O gênero ‘True Crime’ na era do streaming

A crescente atração por narrativas sombrias e o desafio ético de contá-las


Repórter: Ana Julia Silveira

Editor: Larissa Mafra


Representação de uma cena de crime. Foto: Freepik

Em 2024, a história do "Maníaco do Parque" está prestes a ressurgir nas mídias, não mais nos jornais, mas nas telas de streaming do Prime Video. Esta é apenas mais uma adição à tendência de produções que parecem imunes à passagem do tempo: o gênero "true crime". Desde histórias sobre assassinatos na Idade Média até os dias atuais, narrativas reais de crimes têm mantido um certo fascínio sobre o público.
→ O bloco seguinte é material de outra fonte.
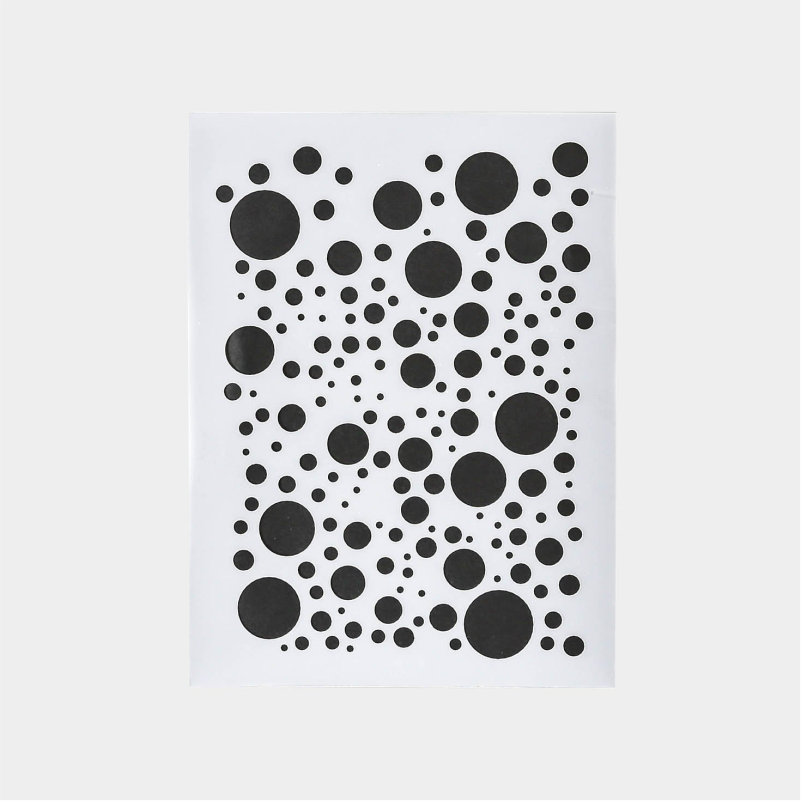 Schablone Luftblasen, A5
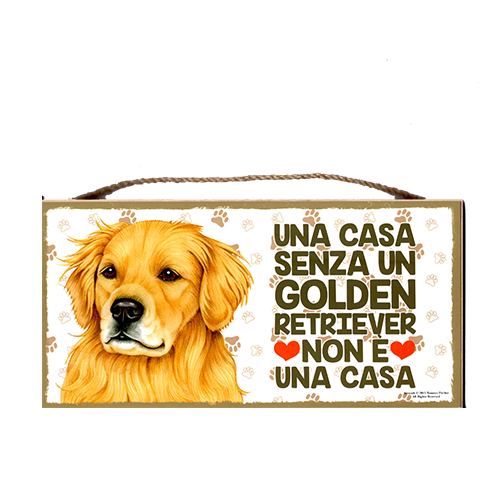 25 Targa decorativa Golden Retriever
De acordo com dados do Spotify, uma das principais plataformas de streaming de áudio, o podcast "Modus Operandi" alcançou mais de 14 milhões de reproduções em 2021. Atualmente, ocupa a 11ª posição entre os podcasts mais ouvidos no Brasil, sendo o primeiro na categoria de crimes reais.


Bernardo Brum, doutor em comunicação e crítico de cinema, destaca que, embora a curiosidade sobre o assunto sempre tenha existido, os podcasts reacenderam esse interesse. Ele acredita que as produções em formato de áudio oferecem uma experiência única, e superam as possíveis censuras associadas à exibição desse conteúdo na televisão ou no cinema. Brum argumenta que as pessoas se sentem mais à vontade para consumir temas sensíveis e se aprofundar no assunto em um ambiente mais privado, facilitado pelo uso de fones de ouvido. De acordo com o crítico, "A materialidade do podcast nos leva a nível superior de tolerância".


Chico Felitti, jornalista e criador dos podcasts "A mulher da casa abandonada" e "O ateliê", destaca a mudança significativa na forma como as histórias de crime são contadas ao longo do tempo. "Se antes o que fazia muito sucesso era o sensacionalismo, acredito que hoje em dia as histórias que mais chamam a atenção são aquelas que ilustram um caráter mais profundo", afirma. Segundo ele, o interesse do público existe quando um crime reflete toda uma sociedade.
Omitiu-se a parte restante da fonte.